The Gargouille trembled, muttering to itself unsure reassurances, and tried in vain to piece the statue back together with tears and spit. Seeker was afraid to know what would happen when he realized nothing could be done, so she finally pulled up the last reserve of energy left in her legs and ran. She only looked back once upon that sad Gargouille, pining over the ruin of marvels no longer seen. She left his hunched figure behind in that place lost in time, disappearing under thick brush and memory, not to be understood or cared for by those who needed to experience his marvels.
Eventually, out of breath and out of energy, Seeker found her way into the lighter part of the forest again, with familiar plants and no rocks. A day later, she made it to the entrance of the Jiti-Wuzhi, without hardly realizing she had arrived.
My goodness, was it a disappointment! Hardly worth the trouble to get there. The Jiti-Wuzhi barely resembled a pagoda except that the word was part of its name, and the one-room tower could only be said to hold the sky in its ceiling because it had no ceiling to speak of. What’s more, Seeker had to wait another three hours to get inside; fellow adventurers were holding a convention in there on the authenticity and licensing of certain rope brands.
Seeker puzzled and puzzled over why “Spelunkr,” the official social media tabloid for adventurers, had declared the Jiti-Wuzhi one of its “Top 10 Hidden Marvels to Discover,” especially when so many had already discovered it. It dawned on her that the fad for the Jiti-Wuzhi had passed, and an entirely new list of unremarkable marvels had taken the place of art and history.
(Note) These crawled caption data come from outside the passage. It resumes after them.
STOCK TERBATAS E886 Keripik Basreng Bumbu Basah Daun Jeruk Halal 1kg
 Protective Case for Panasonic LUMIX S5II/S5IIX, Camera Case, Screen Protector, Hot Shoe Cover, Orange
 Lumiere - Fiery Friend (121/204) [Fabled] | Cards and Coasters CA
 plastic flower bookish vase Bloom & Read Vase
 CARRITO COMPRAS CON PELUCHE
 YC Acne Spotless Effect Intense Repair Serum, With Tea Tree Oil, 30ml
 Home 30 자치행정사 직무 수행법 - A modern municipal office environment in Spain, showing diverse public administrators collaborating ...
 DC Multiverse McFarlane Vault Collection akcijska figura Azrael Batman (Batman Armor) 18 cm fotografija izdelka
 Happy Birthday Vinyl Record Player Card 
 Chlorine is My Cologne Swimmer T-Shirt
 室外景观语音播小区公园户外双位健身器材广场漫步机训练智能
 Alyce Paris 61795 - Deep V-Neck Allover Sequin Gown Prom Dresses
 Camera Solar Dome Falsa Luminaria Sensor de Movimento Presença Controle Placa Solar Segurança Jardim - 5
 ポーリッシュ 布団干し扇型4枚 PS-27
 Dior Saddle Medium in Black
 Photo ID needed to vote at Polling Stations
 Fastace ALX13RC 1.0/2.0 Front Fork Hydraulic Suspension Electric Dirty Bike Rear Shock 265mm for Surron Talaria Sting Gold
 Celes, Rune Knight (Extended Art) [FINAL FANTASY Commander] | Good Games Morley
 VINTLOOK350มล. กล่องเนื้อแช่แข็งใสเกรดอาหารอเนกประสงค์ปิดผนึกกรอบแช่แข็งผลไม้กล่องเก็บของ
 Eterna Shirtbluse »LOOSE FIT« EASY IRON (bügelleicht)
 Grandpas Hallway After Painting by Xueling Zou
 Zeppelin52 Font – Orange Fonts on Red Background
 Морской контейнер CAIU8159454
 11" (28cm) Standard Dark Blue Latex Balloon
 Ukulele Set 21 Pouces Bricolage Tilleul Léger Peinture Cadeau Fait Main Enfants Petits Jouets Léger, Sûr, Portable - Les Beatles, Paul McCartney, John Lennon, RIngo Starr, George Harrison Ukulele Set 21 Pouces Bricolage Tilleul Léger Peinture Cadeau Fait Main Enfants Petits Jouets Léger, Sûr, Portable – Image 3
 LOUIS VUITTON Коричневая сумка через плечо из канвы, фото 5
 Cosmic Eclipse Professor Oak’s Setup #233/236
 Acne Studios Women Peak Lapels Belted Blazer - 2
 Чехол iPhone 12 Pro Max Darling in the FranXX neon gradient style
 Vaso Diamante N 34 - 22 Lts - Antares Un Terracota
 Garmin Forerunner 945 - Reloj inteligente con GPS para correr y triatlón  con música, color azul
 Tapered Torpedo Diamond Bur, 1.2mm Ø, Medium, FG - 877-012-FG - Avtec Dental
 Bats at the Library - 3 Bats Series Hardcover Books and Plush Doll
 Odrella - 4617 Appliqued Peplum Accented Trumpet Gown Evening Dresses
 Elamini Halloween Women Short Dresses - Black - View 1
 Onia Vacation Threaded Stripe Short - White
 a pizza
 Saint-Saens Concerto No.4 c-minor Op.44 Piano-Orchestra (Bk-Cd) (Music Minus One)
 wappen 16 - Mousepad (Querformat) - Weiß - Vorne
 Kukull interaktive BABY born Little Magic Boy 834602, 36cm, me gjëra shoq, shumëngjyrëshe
These unremarkable marvels were cafes, shops, petting zoos (remarkable only to those who had never visited a rainforest), and vacation planners. The Jiti-Wuzhi, if it was ever as historically significant as the rumors rang, had been fully cowed to the nature of a bazaar.
After thinking it over, mostly during physical therapy trying to recover from the end of her endless journey, Seeker decided there was no point any longer in being an adventurer. Instead, she became more obsessed with the foliage of Hatuga. Surely there must be hallucinatory properties in some of the species there, to explain her encounter with a talking Gargouille. But, no matter how hard she wanted to know, there was just no way to tell, and no adventurer in the region had ever seen the ruined temple, much less its ancient ward. She returned once with a larger party of adventurers, to at least confirm the existence of the hybridized trees she saw. As she searched and searched, it became clearer and clearer that there was no temple to rediscover. There was no garden to revitalize, no clock to rewind, no tombs to unearth, no Faded Civilization to summon back from history. There were only mosquitoes and vines, under that dense and unforgiving canopy.
So Seeker turned back with a heart ready to move on and seek what lies beyond adventures. She was ready to return to the city, find something new, so lost in thoughts for the future that she didn’t notice when she stepped on and over the broken effigy of a stone woman. It looked like the image Seeker had broken against the head of the Gargouille in her dream. But…upon closer inspection…its tormented face looks eerily similar to…
Well, now we’ll never be sure, thanks to Seeker’s muddy footprint.
This woman, the one we called Seeker, had no idea that what she sought as marvel is just normalcy – as normal a part as any to be found in Hatuga. Ask anyone who lives there. But to spend one’s whole life seeking, is just asking to never find anything. To convince one’s self that Gargouilles cannot talk, is to turn to stone when they do.